Based in Iraq as an in-charge corporal of receiving war supplies from Palestine, Bakshi Mela Ram on one occasion noticed a signature on the document attached to a consignment. The signature was of a corporal in-charge at the other end, sending the supply from Palestine and to my grandfather, an instantly familiar one – it was of a person that he, and his family had known and had long thought to be dead. Obviously, my grandfather was puzzled, and scratched his head in disbelief, but to quell his doubts requested the delivery corporal bearing the document, to inquire and confirm the name of the signatory without letting the person-in-question know.

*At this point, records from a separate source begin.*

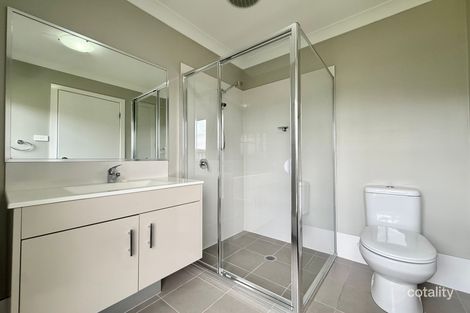 Property photo of 2 Bowerbird Close Aberglasslyn NSW 2320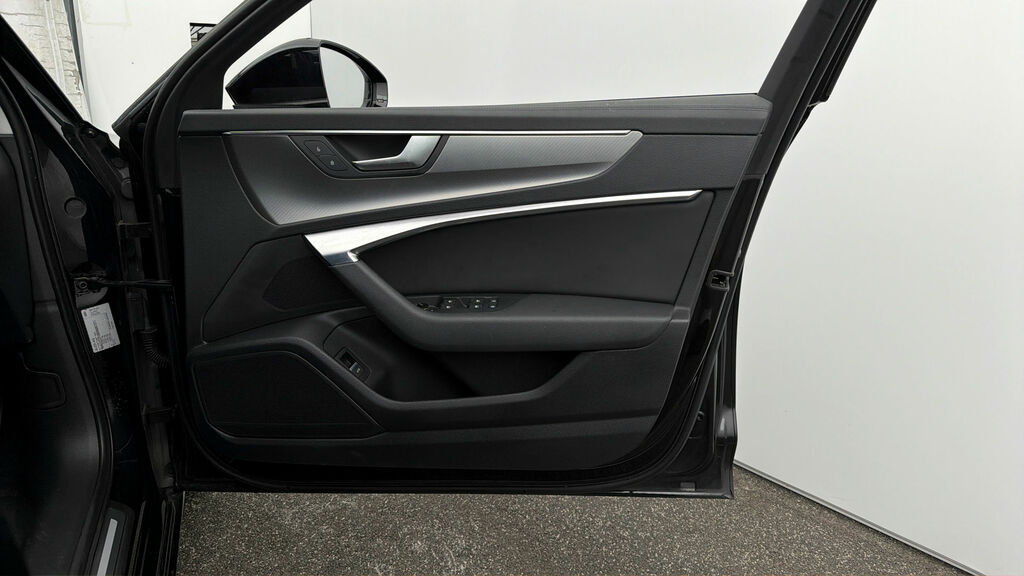 Audi A6 Saloon S Line Black #14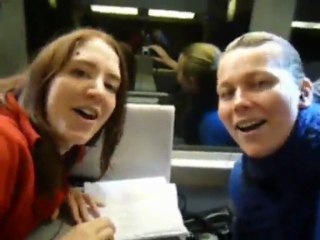 BIGGER by Ludi & Vivi in the train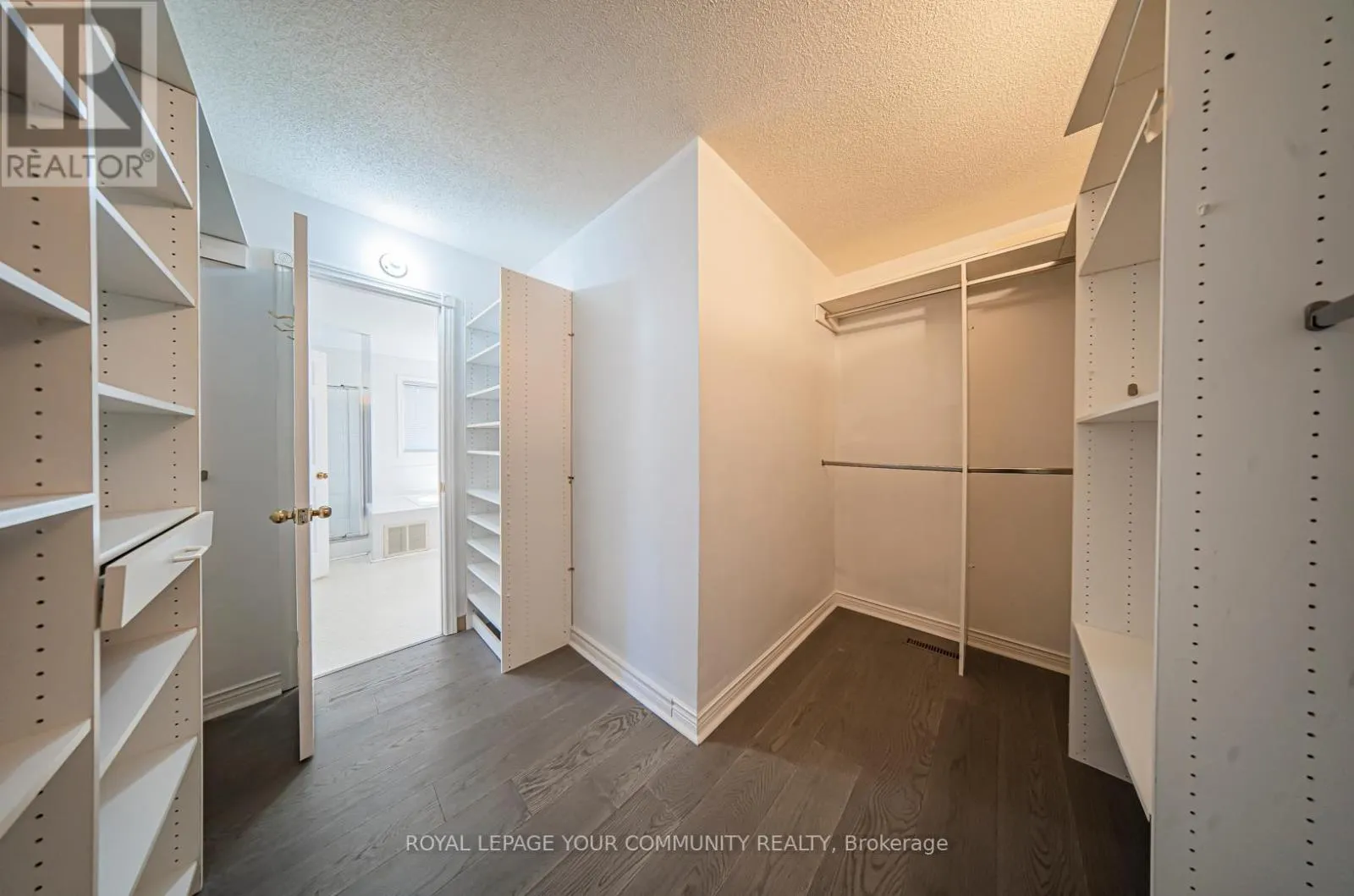 147 JOHN BUTTON BOULEVARD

Thus began an eager wait of several days for the next consignment to arrive. When the delivery corporal arrived with consignment in tow, he confirmed my grandfather’s query. The man on the other side of the consignment was indeed his long lost nephew, the son of his eldest sister, Kasturi Lal Datta who had gone missing from the village some five years ago. Kasturi was considered to be a trouble maker, and his notoriety and mischievousness had often gotten him at odds with family members on multiple occasions – usually leading up to him being beaten up. On one such occasion, he fled from home, crossed the Jhelum river and was never heard from again. For five years, the family was in complete dark about his whereabouts, and they made peace with the idea of deeming him dead.
Bakshi Mela Ram travelled to Palestine to see his nephew Kasturi Lal, and after a long conversation, all of their differences were reconciled. A letter was sent back home to the family conveying that Kasturi was alive and serving the army. The family was overjoyed.
But the ordeal of separation between Kasturi and our family was not about to end just yet. The families were torn apart again during India Pakistan partition in 1947, with nephew and uncle, Kasturi and Bakshi Mela Ram in the newly formed India serving their postings and other family members of still in Mirpur that had been enveloped into Pakistan territory . While a few family members managed to cross over from Pakistan and find refuge in India in refugee camps, some died on the way and some were stranded in Mirpur. The ones who remained, eventually decided to convert to Islam to protect themselves from violent attacks, as was advised by their village men. Nonetheless, it was not until 1950 that 18 of the stranded family members in Mirpur eventually managed to reach India.
After a decade of separations, moving between Delhi Cantt and Amritsar Camp, caused by bureaucratic lapses, voluntary decisions, army duties, or even reasons beyond them, the final union for the family occurred in 1950. The union however did not mean that everyone stayed together hereafter, but that they were no longer in a now “foreign” land that they once called home. Several of the family members relocated to other towns and cities and found jobs. Many remained uncomfortable and distant because of the traumas, violence and choices they had had to suffer, except for occasional meet ups.
Later, some family members, including Bakshi Mela Ram and Kasturi Lal Dutta received ex-gratia relief in the form of land in village Supwal, Distt. Samba, Jammu and Kashmir. Bakshi Mela Ram continued to serve in the Army till 1969, amounting to 28 years of service. Kasturi Lal Datta took a voluntary retirement and left the army before his service was to end – he too made a home in Supwal. He, in fact, looked after all the land until Bakshi Mela Ram could take charge of his while in service. Kasturi also took up various jobs, including supervision of fruit supplies to the local mandi (market). The next generation in the family saw some members in the Defence services. My father, on the other hand, worked for a PSU and I am a History student.